In deze uitspraak beoordeelt de Rechtbank Zeeland-West-Brabant het beroep van Vastgoed Gemert B.V. tegen de weigering van een omgevingsvergunning voor het transformeren van een kantoorgebouw tot 21 appartementen met buitenruimte in Breda. Op 4 augustus 2020 verleende het college de gevraagde omgevingsvergunning, maar op 4 augustus 2021 werd deze vergunning alsnog geweigerd na bezwaren van derde-partijen. De rechtbank behandelde het beroep op 9 september 2022.
De rechtbank concludeert dat het college redelijkerwijs de omgevingsvergunning heeft kunnen weigeren. De rechtbank oordeelt dat de inhoud van de bezwaren van derde-partijen voldoende is betrokken bij de besluitvorming. Eiseres stelde dat het besluit niet zorgvuldig tot stand is gekomen, maar de rechtbank oordeelt dat de argumenten van eiseres niet opwegen tegen de belangen van de derde-partijen. De rechtbank bevestigt dat de verhoogde buitenruimte in strijd is met het bestemmingsplan, omdat deze buiten het bouwvlak is gelegen en de hoogte van de buitenruimte de toegestane maatvoering overschrijdt.

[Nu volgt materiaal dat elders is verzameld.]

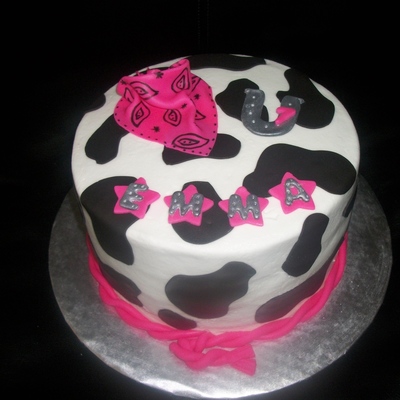 Cowgirl Cake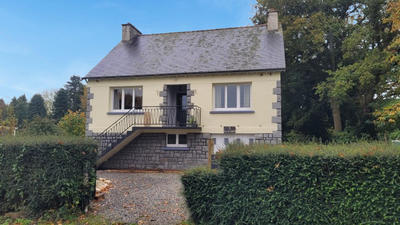 Maison - 78 m² - 4 pièces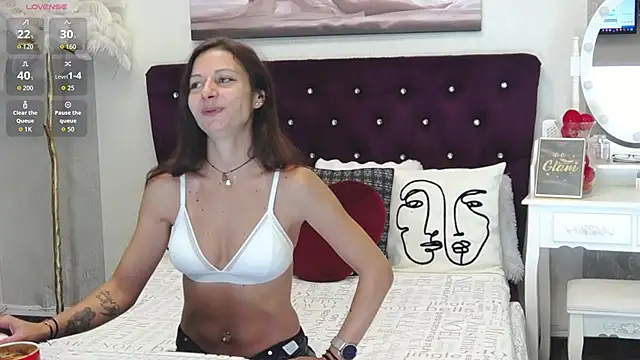 LexyLee17 online show from October 7, 4:24 am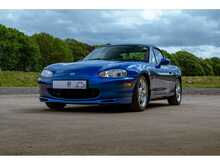 Mazda MX-5 10th Anniversary Limited Edition 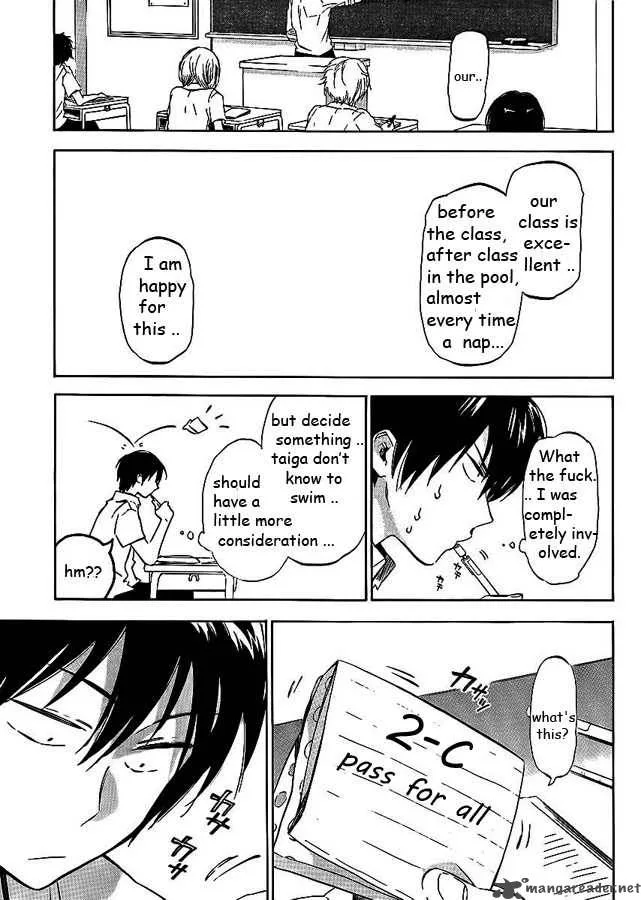 Tora Dora Chapter 29 page 11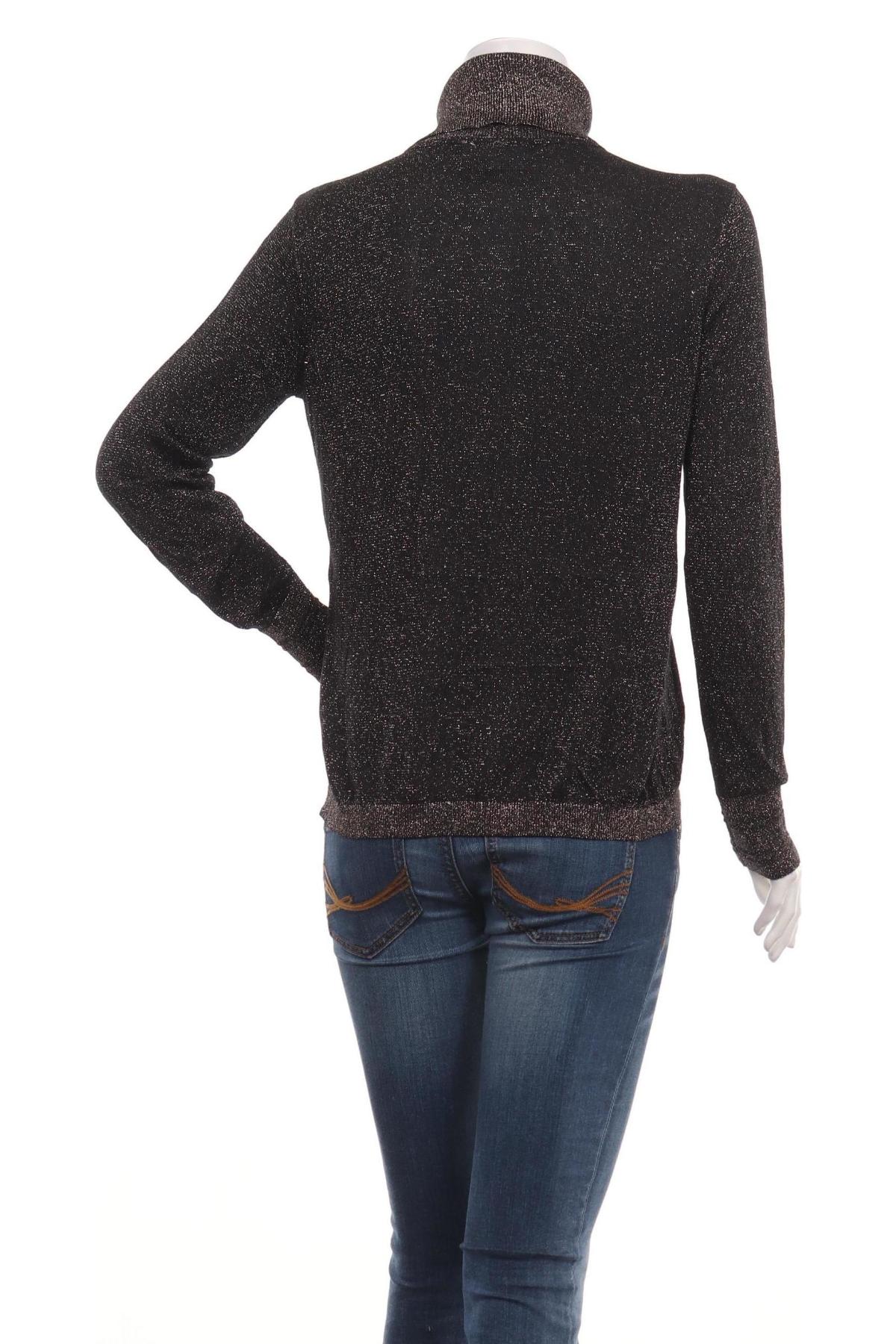 Пуловер с поло яка VILA2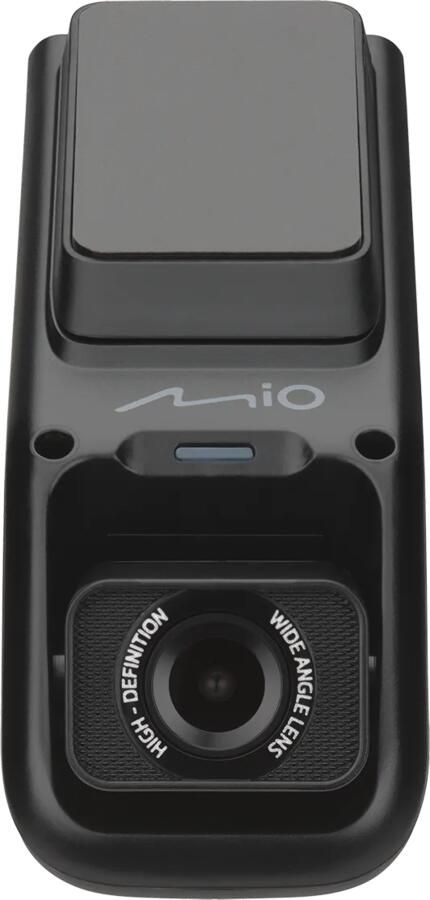 Mio MiVue J756DS Full HD Dual Cam Wi-Fi GPS flitspalen Dashcam Zwart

Daarnaast oordeelt de rechtbank dat de wijziging van het bouwplan, waarbij de verhoogde buitenruimte zou vervallen, niet kan worden aangemerkt als een wijziging van ondergeschikte aard. De rechtbank wijst het verzoek om schadevergoeding af, omdat er geen causaal verband is tussen het onrechtmatig handelen en de door eiseres gestelde schade. De rechtbank verklaart het beroep ongegrond en bevestigt de weigering van de omgevingsvergunning.